Copy out the data from the line containing "sad senior woman" to its last line, exactly. No pictures.
===== Extracted data =====
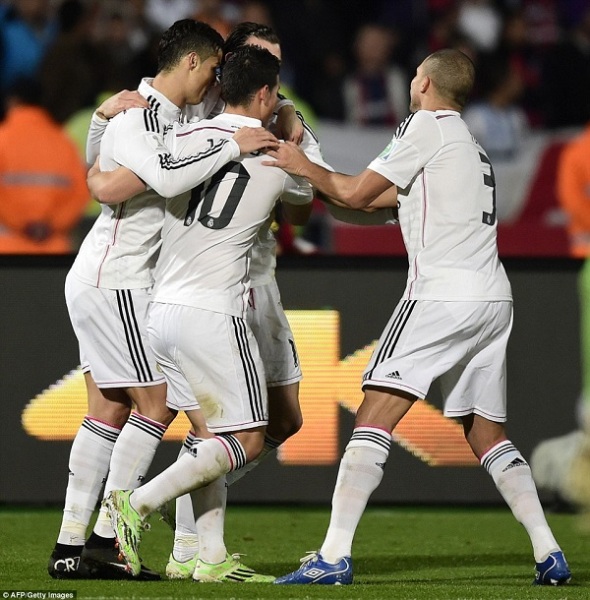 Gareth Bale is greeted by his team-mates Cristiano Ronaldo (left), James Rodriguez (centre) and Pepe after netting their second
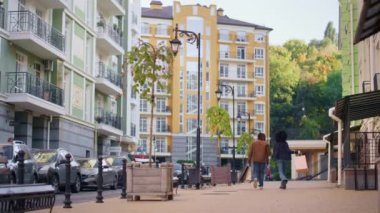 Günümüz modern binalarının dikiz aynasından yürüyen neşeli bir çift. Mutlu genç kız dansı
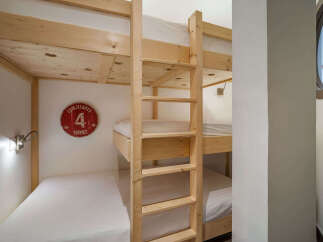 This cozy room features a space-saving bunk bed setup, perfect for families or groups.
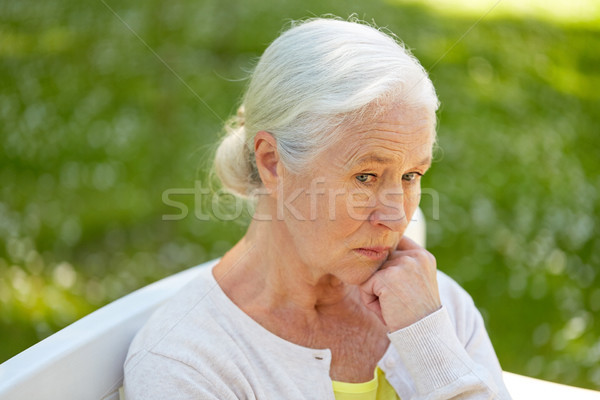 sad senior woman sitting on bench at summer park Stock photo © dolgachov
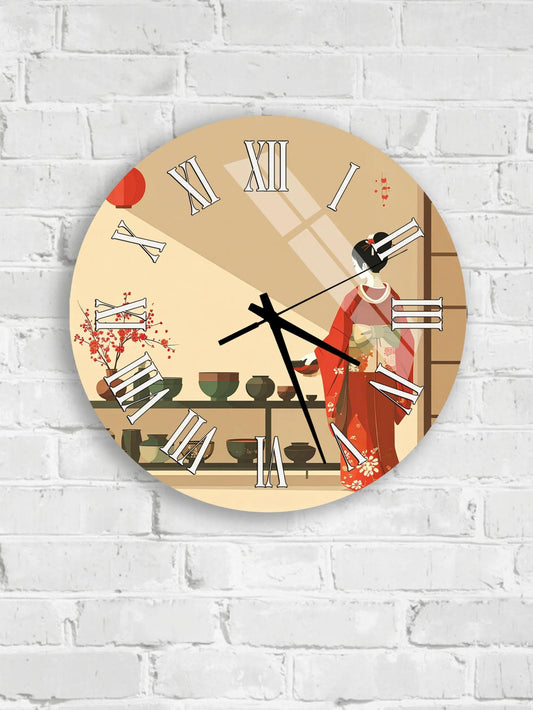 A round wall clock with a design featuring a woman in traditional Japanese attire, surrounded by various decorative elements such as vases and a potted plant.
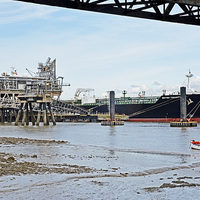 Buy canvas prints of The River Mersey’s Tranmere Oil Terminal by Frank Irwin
=====
:: Task answer ::
 sad senior woman sitting on bench at summer park Stock photo © dolgachov
 A round wall clock with a design featuring a woman in traditional Japanese attire, surrounded by various decorative elements such as vases and a potted plant.
 Buy canvas prints of The River Mersey’s Tranmere Oil Terminal by Frank Irwin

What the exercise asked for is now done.